SIMD XOR operation is not as effective as Integer XOR?

Asked 29/4, 2014 at 8:54 Answered 17/3, 2016 at 20:43

c++performance parallel-processing simd seeding

I have a task to calculate xor-sum of bytes in an array:

X = char1 XOR char2 XOR char3 ... charN;

I'm trying to parallelize it, xoring __m128 instead. This should give speed up factor 4. Also, to recheck the algorithm I use int. This should give speed up factor 4. The test program is 100 lines long, I can't make it shorter, but it is simple:

#include "xmmintrin.h" // simulation of the SSE instruction
#include <ctime>

#include <iostream>
using namespace std;

#include <stdlib.h> // rand

const int NIter = 100;

const int N = 40000000; // matrix size.

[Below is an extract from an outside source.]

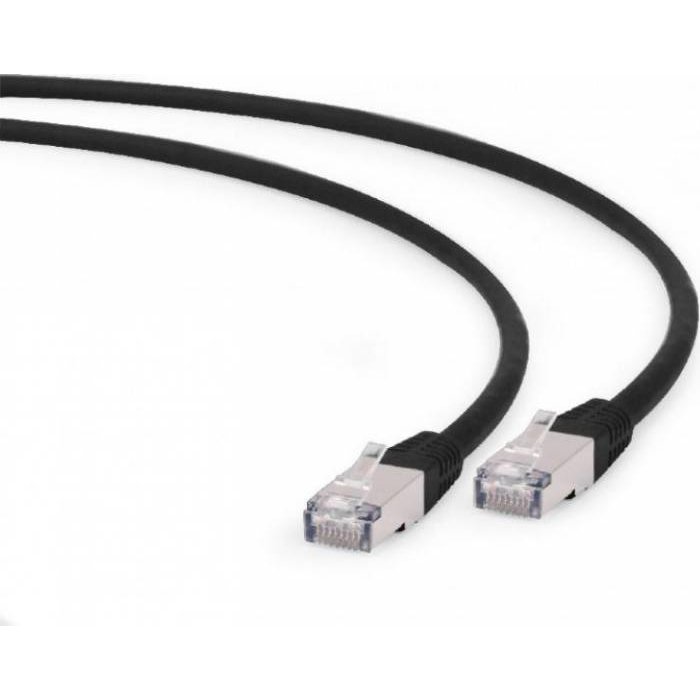 Cablu FTP Patchcord Cat 6A LSZH 0.5m Negru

Has to be dividable by 4.
unsigned char str[N] __attribute__ ((aligned(16)));

template< typename T >
T Sum(const T* data, const int N)
{
    T sum = 0;
    for ( int i = 0; i < N; ++i )
      sum = sum ^ data[i];
    return sum;
}

template<>
__m128 Sum(const __m128* data, const int N)
{
    __m128 sum = _mm_set_ps1(0);
    for ( int i = 0; i < N; ++i )
        sum = _mm_xor_ps(sum,data[i]);
    return sum;
}

int main() {

    // fill string by random values
  for( int i = 0; i < N; i++ ) {
    str[i] = 256 * ( double(rand()) / RAND_MAX ); // put a random value, from 0 to 255
  } 

    /// -- CALCULATE --

    /// SCALAR

  unsigned char sumS = 0;
  std::clock_t c_start = std::clock();
  for( int ii = 0; ii < NIter; ii++ )
    sumS = Sum<unsigned char>( str, N );
  double tScal = 1000.0 * (std::clock()-c_start) / CLOCKS_PER_SEC;

    /// SIMD

  unsigned char sumV = 0;

  const int m128CharLen = 4*4;
  const int NV = N/m128CharLen;

  c_start = std::clock();
  for( int ii = 0; ii < NIter; ii++ ) {
    __m128 sumVV = _mm_set_ps1(0);
    sumVV = Sum<__m128>( reinterpret_cast<__m128*>(str), NV );
    unsigned char *sumVS = reinterpret_cast<unsigned char*>(&sumVV);

    sumV = sumVS[0];
    for ( int iE = 1; iE < m128CharLen; ++iE )
      sumV ^= sumVS[iE];
  }
  double tSIMD = 1000.0 * (std::clock()-c_start) / CLOCKS_PER_SEC;

    /// SCALAR INTEGER

  unsigned char sumI = 0;

  const int intCharLen = 4;
  const int NI = N/intCharLen;

  c_start = std::clock();
  for( int ii = 0; ii < NIter; ii++ ) {
    int sumII = Sum<int>( reinterpret_cast<int*>(str), NI );
    unsigned char *sumIS = reinterpret_cast<unsigned char*>(&sumII);

    sumI = sumIS[0];
    for ( int iE = 1; iE < intCharLen; ++iE )
      sumI ^= sumIS[iE];
  }
  double tINT = 1000.0 * (std::clock()-c_start) / CLOCKS_PER_SEC;

    /// -- OUTPUT --

  cout << "Time scalar: " << tScal << " ms " << endl;
  cout << "Time INT:   " << tINT << " ms, speed up " << tScal/tINT << endl;
  cout << "Time SIMD:   " << tSIMD << " ms, speed up " << tScal/tSIMD << endl;

  if(sumV == sumS && sumI == sumS )
    std::cout << "Results are the same." << std::endl;
  else
    std::cout << "ERROR! Results are not the same." << std::endl;

  return 1;
}

The typical results:

[10:46:20]$ g++ test.cpp -O3 -fno-tree-vectorize; ./a.out
Time scalar: 3540 ms 
Time INT:   890 ms, speed up 3.97753
Time SIMD:   280 ms, speed up 12.6429
Results are the same.
[10:46:27]$ g++ test.cpp -O3 -fno-tree-vectorize; ./a.out
Time scalar: 3540 ms 
Time INT:   890 ms, speed up 3.97753
Time SIMD:   280 ms, speed up 12.6429
Results are the same.
[10:46:35]$ g++ test.cpp -O3 -fno-tree-vectorize; ./a.out
Time scalar: 3640 ms 
Time INT:   880 ms, speed up 4.13636
Time SIMD:   290 ms, speed up 12.5517
Results are the same.

As you see, int version works ideally, but simd version loses 25% of the speed and this is stable. I tried to change the array sizes, this doesn't help.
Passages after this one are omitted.